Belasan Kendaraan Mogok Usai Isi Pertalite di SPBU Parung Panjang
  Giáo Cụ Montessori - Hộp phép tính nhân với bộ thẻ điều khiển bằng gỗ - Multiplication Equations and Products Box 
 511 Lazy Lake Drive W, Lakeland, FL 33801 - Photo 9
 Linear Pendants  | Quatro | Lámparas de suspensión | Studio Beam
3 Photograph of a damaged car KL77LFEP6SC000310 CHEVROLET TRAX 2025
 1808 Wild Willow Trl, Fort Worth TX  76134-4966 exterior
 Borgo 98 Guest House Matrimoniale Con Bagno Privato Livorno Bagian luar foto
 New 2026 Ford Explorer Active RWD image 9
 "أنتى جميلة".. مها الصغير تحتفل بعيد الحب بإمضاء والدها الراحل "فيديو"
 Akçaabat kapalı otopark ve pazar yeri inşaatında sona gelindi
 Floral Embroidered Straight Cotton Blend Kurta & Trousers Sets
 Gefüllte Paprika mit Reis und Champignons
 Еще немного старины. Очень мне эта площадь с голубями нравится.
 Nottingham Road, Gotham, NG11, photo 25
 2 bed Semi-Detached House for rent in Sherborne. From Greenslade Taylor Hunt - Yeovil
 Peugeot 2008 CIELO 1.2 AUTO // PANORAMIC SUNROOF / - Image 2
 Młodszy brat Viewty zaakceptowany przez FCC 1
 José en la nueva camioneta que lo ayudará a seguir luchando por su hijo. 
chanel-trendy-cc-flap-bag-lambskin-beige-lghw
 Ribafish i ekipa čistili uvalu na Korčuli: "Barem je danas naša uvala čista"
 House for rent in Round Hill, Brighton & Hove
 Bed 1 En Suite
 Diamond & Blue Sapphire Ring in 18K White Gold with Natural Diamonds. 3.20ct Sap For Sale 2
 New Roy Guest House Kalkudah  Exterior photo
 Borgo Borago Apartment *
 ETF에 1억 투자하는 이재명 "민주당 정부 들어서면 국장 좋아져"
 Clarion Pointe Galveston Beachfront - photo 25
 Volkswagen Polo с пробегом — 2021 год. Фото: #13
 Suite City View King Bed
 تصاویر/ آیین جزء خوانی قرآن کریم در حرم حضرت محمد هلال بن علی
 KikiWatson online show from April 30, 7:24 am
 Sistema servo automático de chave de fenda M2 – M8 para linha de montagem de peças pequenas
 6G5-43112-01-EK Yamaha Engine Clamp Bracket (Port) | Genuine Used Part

···

▶ What the task asks:
Your reply is one number: how many lines of the records above contain the word "rent".

▶ Exercise result:
2